Development and inter-laboratory validation of the VISAGE enhanced tool for age estimation from semen using quantitative DNA methylation analysis

The analysis of DNA methylation has become an established method for chronological age estimation. This has triggered interest in the forensic community to develop new methods for age estimation from biological crime scene material.

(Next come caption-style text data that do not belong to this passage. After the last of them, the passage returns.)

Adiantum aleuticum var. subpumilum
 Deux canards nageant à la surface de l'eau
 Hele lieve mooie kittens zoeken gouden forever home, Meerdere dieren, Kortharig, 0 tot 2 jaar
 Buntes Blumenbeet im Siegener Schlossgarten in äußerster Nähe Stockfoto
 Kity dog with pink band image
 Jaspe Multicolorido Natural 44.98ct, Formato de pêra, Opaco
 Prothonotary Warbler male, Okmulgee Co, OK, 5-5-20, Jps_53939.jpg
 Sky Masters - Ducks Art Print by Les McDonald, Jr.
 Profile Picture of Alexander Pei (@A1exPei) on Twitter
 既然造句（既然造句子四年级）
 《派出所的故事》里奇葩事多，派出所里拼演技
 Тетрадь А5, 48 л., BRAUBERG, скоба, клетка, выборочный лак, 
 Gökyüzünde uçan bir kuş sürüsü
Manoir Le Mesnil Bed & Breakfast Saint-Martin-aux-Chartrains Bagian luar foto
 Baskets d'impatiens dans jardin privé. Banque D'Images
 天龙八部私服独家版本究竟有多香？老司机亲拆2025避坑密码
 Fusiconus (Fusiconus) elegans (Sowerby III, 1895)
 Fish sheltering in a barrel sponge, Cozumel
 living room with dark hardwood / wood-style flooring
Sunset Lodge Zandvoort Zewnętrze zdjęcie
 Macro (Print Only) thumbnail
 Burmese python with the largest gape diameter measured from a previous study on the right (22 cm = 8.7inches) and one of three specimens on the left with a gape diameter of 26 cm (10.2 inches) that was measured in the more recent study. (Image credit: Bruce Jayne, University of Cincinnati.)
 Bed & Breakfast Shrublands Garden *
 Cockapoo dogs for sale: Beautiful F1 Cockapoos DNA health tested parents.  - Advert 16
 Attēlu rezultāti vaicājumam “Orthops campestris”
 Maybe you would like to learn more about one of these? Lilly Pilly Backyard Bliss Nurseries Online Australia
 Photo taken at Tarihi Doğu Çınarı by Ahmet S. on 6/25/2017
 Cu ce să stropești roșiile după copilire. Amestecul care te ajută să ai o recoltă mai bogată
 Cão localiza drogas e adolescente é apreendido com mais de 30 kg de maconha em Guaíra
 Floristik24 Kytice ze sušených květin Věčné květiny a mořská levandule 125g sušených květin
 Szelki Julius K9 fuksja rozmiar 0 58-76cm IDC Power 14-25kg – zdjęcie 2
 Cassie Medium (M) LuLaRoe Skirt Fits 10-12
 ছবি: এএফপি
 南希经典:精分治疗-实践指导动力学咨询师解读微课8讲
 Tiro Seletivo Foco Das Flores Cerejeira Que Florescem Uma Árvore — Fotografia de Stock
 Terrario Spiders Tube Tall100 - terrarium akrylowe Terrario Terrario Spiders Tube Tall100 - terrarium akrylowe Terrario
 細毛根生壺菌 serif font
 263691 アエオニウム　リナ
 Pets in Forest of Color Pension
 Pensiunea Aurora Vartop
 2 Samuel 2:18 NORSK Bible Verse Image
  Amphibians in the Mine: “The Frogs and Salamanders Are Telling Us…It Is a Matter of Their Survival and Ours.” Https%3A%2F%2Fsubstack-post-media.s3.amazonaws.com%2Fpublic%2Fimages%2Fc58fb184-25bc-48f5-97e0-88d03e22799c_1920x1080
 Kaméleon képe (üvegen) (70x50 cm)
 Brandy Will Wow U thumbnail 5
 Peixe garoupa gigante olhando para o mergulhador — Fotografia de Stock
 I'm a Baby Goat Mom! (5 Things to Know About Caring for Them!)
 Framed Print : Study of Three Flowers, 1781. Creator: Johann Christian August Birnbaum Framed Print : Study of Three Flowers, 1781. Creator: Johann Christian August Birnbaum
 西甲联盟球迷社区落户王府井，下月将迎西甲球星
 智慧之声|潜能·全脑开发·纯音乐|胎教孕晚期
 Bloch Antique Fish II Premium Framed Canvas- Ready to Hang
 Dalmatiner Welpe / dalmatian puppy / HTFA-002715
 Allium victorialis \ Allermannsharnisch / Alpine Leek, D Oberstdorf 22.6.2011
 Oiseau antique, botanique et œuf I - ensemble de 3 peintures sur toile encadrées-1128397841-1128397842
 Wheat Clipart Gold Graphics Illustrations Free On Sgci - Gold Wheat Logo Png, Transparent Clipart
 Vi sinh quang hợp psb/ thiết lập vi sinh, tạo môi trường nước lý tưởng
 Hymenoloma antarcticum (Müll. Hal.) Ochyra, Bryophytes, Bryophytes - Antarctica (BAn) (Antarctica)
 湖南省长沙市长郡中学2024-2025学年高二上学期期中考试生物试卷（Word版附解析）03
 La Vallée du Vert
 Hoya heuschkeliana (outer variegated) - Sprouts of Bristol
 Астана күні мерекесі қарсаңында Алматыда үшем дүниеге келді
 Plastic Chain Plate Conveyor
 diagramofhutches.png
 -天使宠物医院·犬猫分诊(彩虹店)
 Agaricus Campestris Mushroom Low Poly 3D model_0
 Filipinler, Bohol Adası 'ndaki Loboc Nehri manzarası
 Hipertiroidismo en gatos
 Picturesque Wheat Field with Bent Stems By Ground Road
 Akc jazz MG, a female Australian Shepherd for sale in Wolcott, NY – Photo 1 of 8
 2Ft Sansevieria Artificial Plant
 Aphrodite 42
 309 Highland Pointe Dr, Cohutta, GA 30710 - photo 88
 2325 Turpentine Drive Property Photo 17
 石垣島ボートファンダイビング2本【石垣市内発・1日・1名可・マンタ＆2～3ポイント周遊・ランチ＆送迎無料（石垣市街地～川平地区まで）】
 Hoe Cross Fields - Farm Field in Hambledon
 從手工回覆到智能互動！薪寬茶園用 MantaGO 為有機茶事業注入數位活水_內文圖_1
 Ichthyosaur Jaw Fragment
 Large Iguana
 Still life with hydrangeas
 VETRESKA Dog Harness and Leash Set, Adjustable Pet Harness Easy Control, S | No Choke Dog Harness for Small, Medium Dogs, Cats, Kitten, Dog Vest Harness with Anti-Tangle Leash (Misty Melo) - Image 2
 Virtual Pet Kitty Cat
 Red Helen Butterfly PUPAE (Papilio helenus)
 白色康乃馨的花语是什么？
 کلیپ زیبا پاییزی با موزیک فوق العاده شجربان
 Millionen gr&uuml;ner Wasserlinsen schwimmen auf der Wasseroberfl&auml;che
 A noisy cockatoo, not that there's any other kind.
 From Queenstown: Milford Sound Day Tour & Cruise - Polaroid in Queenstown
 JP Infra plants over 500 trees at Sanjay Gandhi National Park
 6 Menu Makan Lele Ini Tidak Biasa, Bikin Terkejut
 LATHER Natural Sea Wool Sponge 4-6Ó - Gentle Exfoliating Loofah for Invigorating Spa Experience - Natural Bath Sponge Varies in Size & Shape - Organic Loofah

Various assays are available for age estimation from somatic tissues, the majority from blood. Age prediction from semen requires different DNA methylation markers and the only assays currently developed for forensic analysis are based on SNaPshot or pyrosequencing. Here, we describe a new assay using massively parallel sequencing to analyse 13 candidate CpG sites targeted in two multiplex PCRs. The assay has been validated by five consortium laboratories of the VISible Attributes through GEnomics (VISAGE) project within a collaborative exercise and was tested for reproducible quantification of DNA methylation levels and sensitivity with DNA methylation controls. Furthermore, DNA extracts and stains on Whatman FTA cards from two semen samples were used to evaluate concordance and mimic casework samples. Overall, the assay yielded high read depths (> 1000 reads) at all 13 marker positions. The methylation values obtained indicated robust quantification with an average standard deviation of 2.8% at the expected methylation level of 50% across the 13 markers and a good performance with 50 ng DNA input into bisulfite conversion. The absolute difference of quantifications from one participating laboratory to the mean quantifications of concordance and semen stains of remaining laboratories was approximately 1%. These results demonstrated the assay to be robust and suitable for age estimation from semen in forensic investigations. In addition to the 13-marker assay, a more streamlined protocol combining only five age markers in one multiplex PCR was developed. Preliminary results showed no substantial differences in DNA methylation quantification between the two assays, indicating its applicability with the VISAGE age model for semen developed with data from the complete 13-marker tool.